TASK DIRECTIONS
In this exercise, print only the lines of the records below from the one with "ハウス クリーニング kireiについてワクちゃんとチャッピーが確認しているイラスト" through the one with "Animated children and", inclusive. Pictures are not part of the copy.

MATERIAL PROVIDED
::::::::::

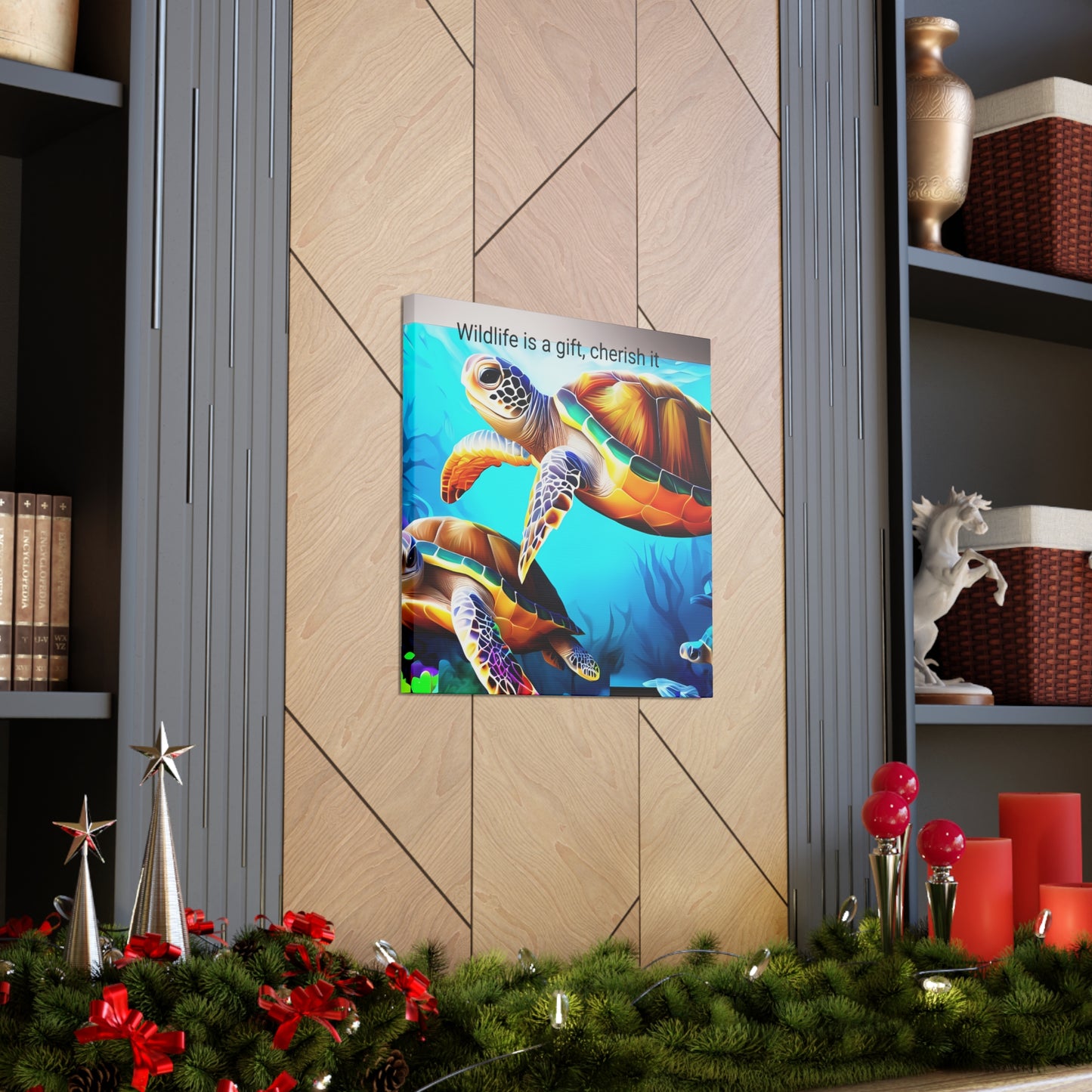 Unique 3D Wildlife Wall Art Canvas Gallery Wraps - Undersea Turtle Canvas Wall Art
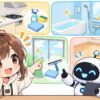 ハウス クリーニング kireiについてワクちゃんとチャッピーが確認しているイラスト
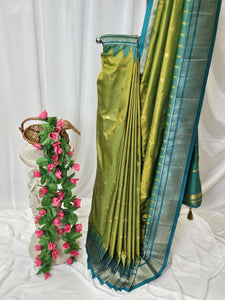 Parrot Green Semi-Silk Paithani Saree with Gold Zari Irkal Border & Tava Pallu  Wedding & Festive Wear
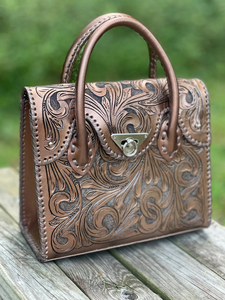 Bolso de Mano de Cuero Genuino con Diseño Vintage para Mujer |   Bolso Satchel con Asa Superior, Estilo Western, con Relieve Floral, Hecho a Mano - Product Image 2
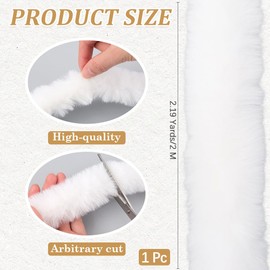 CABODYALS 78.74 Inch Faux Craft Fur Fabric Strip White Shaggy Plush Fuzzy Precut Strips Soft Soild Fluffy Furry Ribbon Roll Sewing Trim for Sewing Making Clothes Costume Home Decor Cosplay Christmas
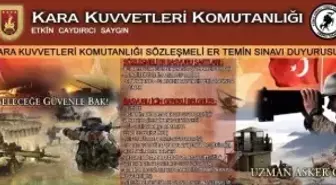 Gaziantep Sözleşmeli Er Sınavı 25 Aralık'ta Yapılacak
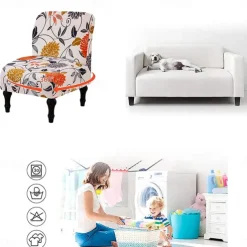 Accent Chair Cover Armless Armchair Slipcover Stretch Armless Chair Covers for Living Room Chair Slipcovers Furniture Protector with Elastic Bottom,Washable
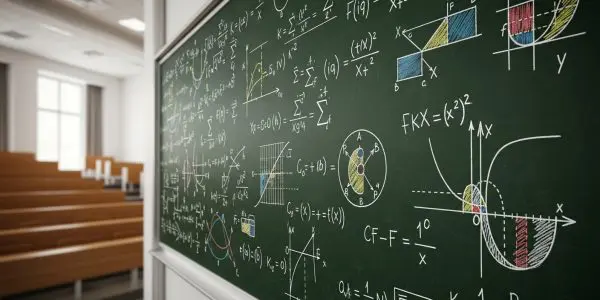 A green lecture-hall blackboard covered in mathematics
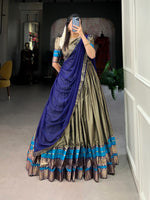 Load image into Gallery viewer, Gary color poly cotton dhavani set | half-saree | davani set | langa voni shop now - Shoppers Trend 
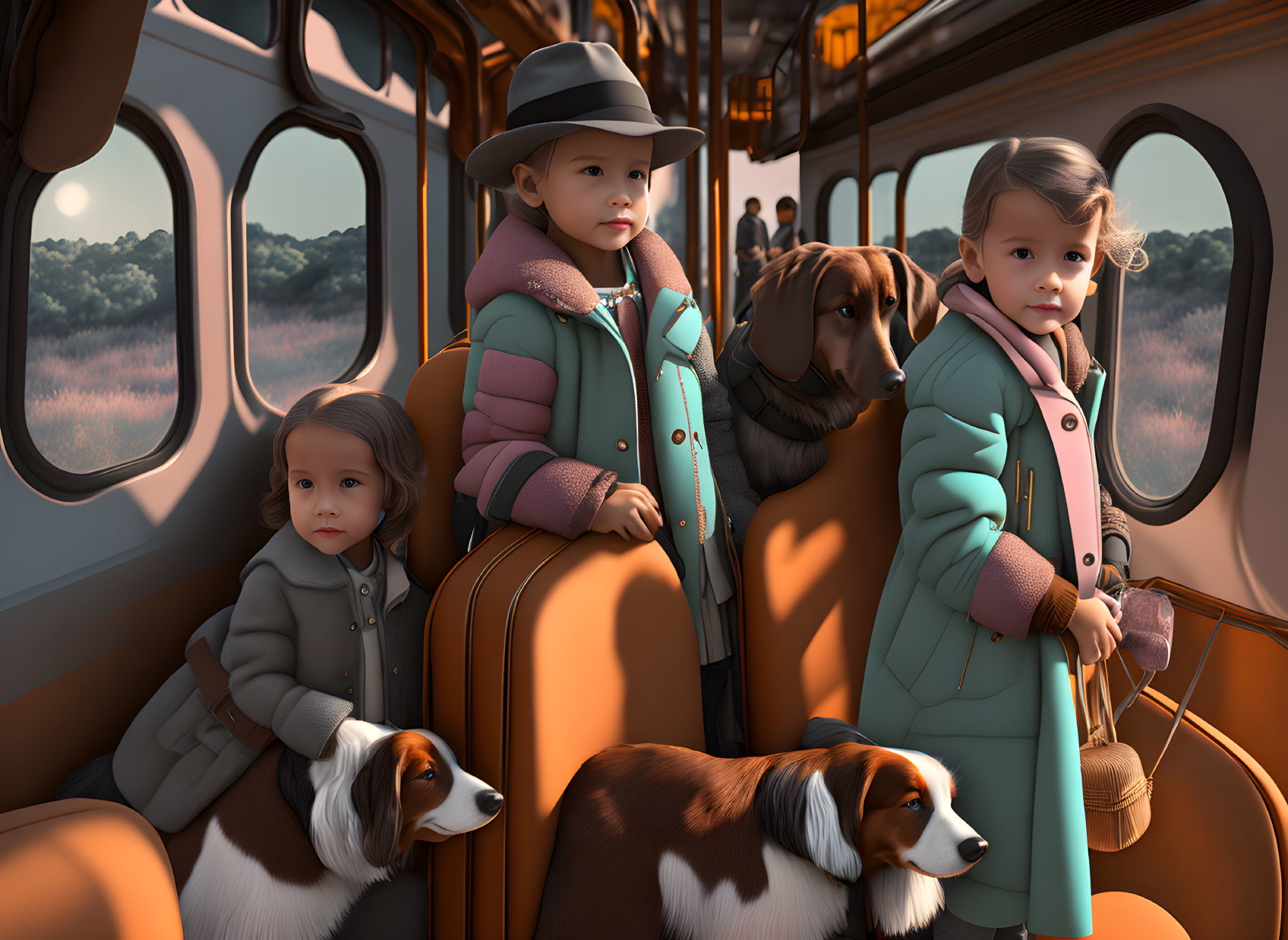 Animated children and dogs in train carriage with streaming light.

::::::::::

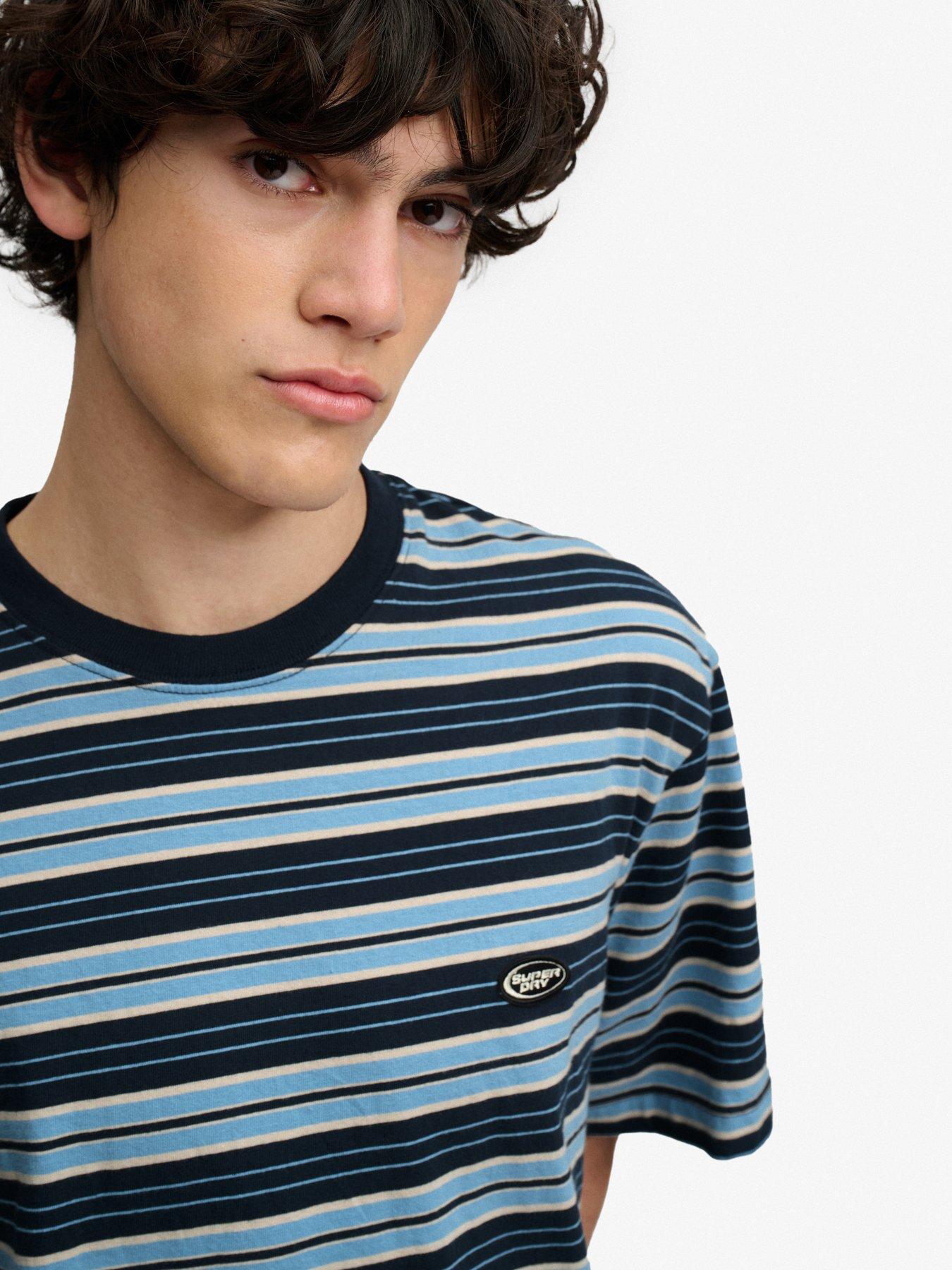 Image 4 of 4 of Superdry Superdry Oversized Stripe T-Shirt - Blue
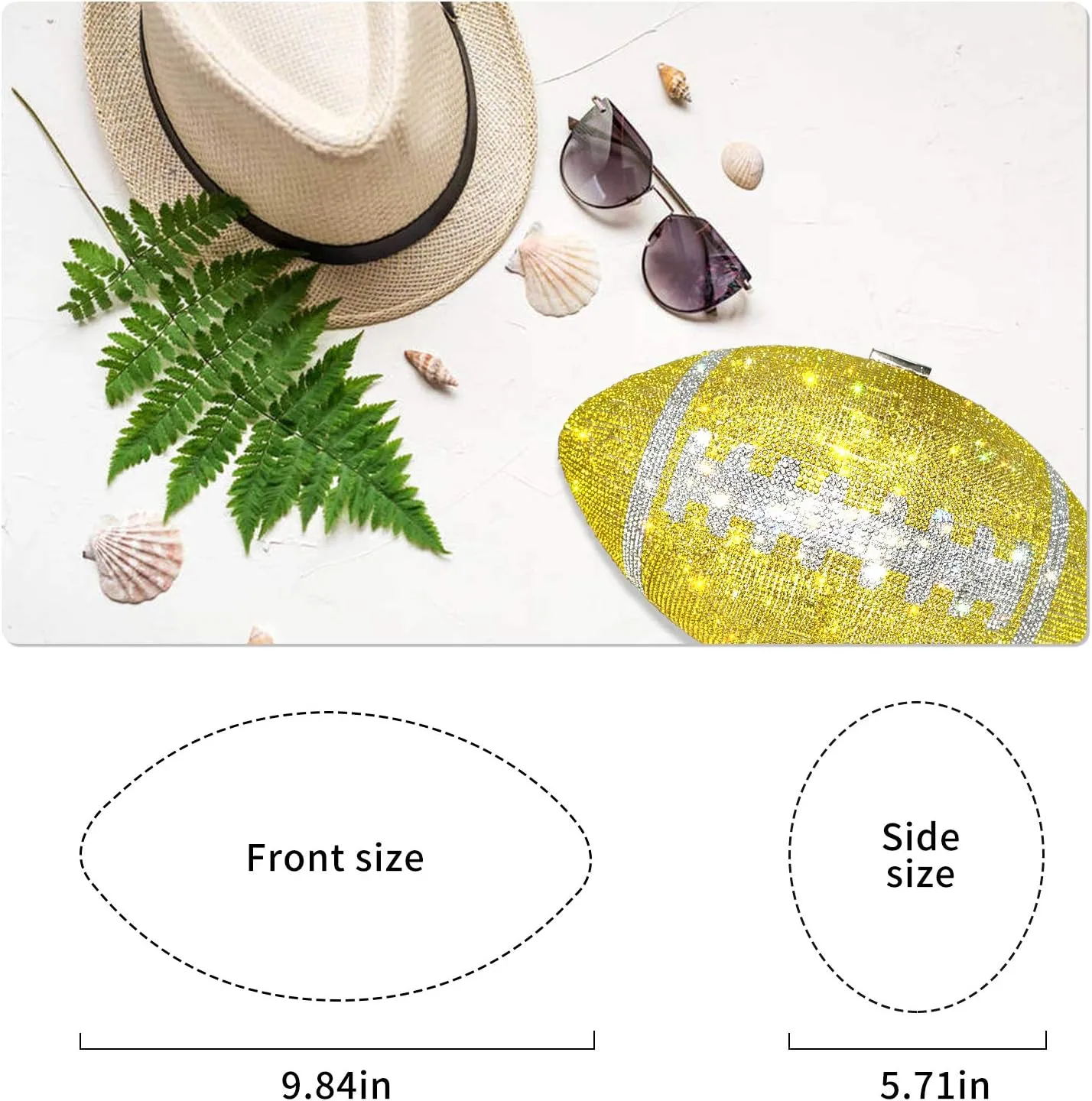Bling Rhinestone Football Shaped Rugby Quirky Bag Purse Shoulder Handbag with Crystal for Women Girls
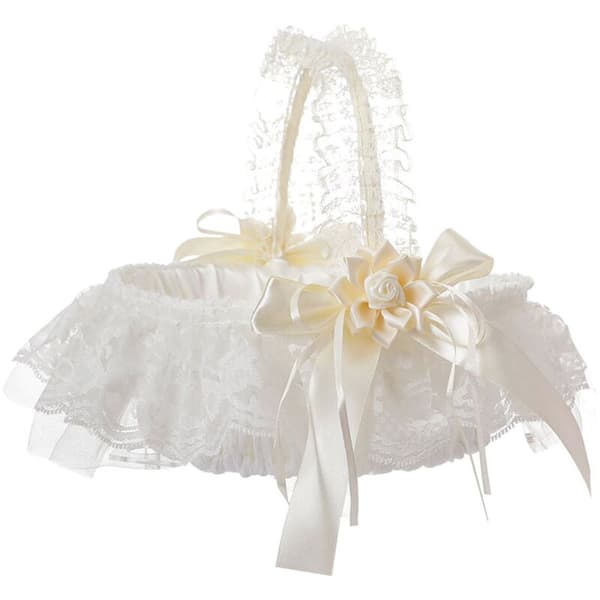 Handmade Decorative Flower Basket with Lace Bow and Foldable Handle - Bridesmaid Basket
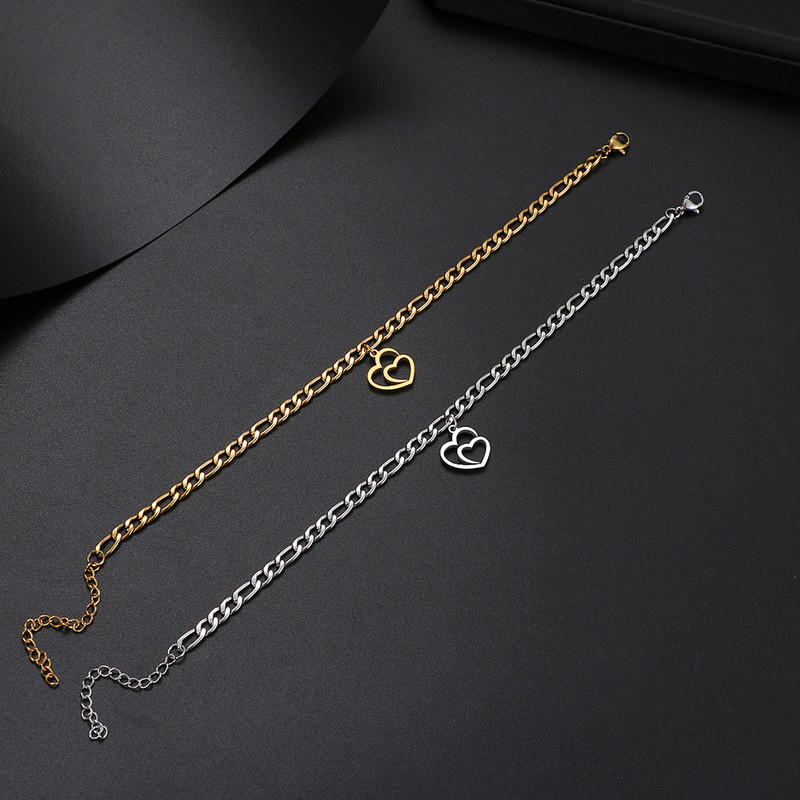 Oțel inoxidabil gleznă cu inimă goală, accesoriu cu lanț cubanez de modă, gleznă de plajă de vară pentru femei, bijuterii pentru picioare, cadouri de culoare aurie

::::::::::

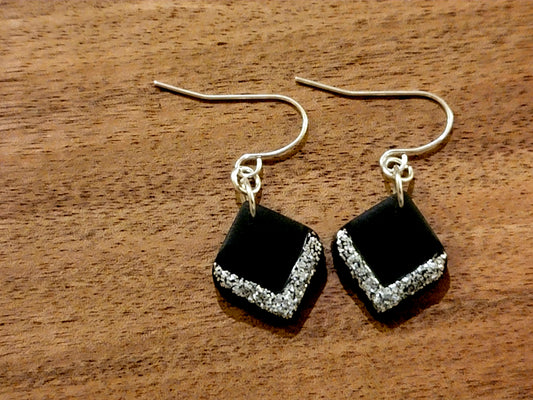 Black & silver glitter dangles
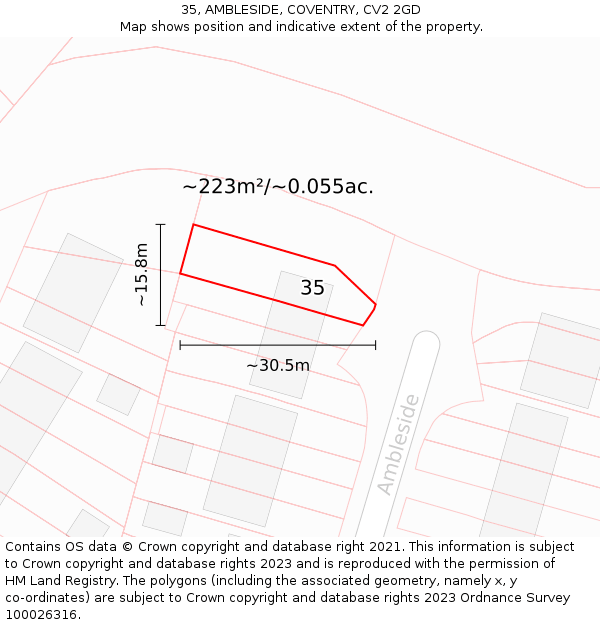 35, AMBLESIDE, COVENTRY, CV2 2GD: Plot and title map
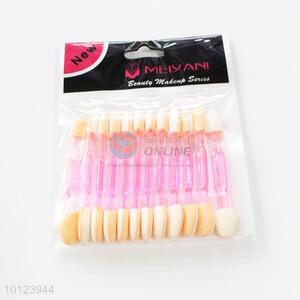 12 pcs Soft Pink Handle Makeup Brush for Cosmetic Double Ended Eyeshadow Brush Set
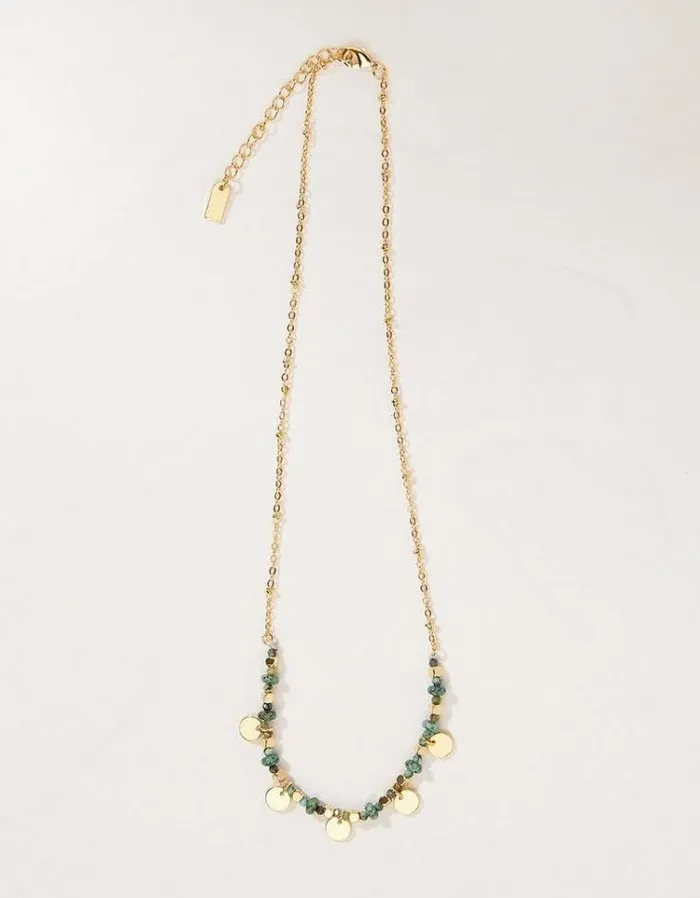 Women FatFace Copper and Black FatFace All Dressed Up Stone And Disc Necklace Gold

::::::::::

EXERCISE RESULT
 ハウス クリーニング kireiについてワクちゃんとチャッピーが確認しているイラスト
 Parrot Green Semi-Silk Paithani Saree with Gold Zari Irkal Border & Tava Pallu  Wedding & Festive Wear
 Bolso de Mano de Cuero Genuino con Diseño Vintage para Mujer |   Bolso Satchel con Asa Superior, Estilo Western, con Relieve Floral, Hecho a Mano - Product Image 2
 CABODYALS 78.74 Inch Faux Craft Fur Fabric Strip White Shaggy Plush Fuzzy Precut Strips Soft Soild Fluffy Furry Ribbon Roll Sewing Trim for Sewing Making Clothes Costume Home Decor Cosplay Christmas
 Gaziantep Sözleşmeli Er Sınavı 25 Aralık'ta Yapılacak
 Accent Chair Cover Armless Armchair Slipcover Stretch Armless Chair Covers for Living Room Chair Slipcovers Furniture Protector with Elastic Bottom,Washable
 A green lecture-hall blackboard covered in mathematics
 Load image into Gallery viewer, Gary color poly cotton dhavani set | half-saree | davani set | langa voni shop now - Shoppers Trend 
 Animated children and dogs in train carriage with streaming light.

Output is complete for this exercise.